Measuring AI System Effectiveness | Sela.
Sela. | Cloud Better.

Measuring AI System Effectiveness

What are we trying to measure when we think about evaluating intelligence? To couch it in human terms, it would be to assess the overall ability to think, reason, and make rational decisions.

Daniel Karp

In conventional psychology, the aim is to measure several different cognitive characteristics and form an overall view of an individual. Usually, something like the Wechsler Adult Intelligence Scale (WAIS) is used for this, which requires subjecting a person to various tasks. The subject's performance in each task contributes to a final comprehensive assessment (Lichtenberger et al., 2012).

Artificial Intelligence (AI) has been defined as the ability of a computer system – using maths and logic and leveraging new information - to simulate human cognitive functions such as learning or problem-solving to make decisions (Microsoft, 2021). The term Cognitive Intelligence has also been coined to emphasize the human-like nature of these computer-derived capabilities. It seems, however, that the comprehensive aggregative nature of human intelligence testing does not apply to the assessment of computer-based systems. AI intelligence is assessed on a more functional level, whereas human intelligence testing is more holistic.

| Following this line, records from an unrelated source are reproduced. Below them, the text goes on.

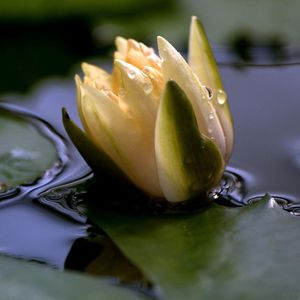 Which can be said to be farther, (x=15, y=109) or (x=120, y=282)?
(x=15, y=109)

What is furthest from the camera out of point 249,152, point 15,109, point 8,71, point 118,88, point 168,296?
point 8,71

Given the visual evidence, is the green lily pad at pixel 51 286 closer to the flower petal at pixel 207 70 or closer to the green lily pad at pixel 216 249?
the green lily pad at pixel 216 249

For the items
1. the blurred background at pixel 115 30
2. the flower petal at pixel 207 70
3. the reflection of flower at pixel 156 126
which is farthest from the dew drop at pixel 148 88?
the blurred background at pixel 115 30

The WAIS test is unsuitable for computer systems, which, as we have mentioned, are primarily uni-modal, focusing on performing single human-like tasks or functions simultaneously. To assess Artificial Intelligence (AI), we want to know how efficiently and accurately a computer system performs a single - albeit perhaps complex - task. This could be, for example navigating a self-driving car through a series of obstacles or summarizing a legal file into topics. These involve multi-step tasks humans can do, which has been regarded as artificial intelligence.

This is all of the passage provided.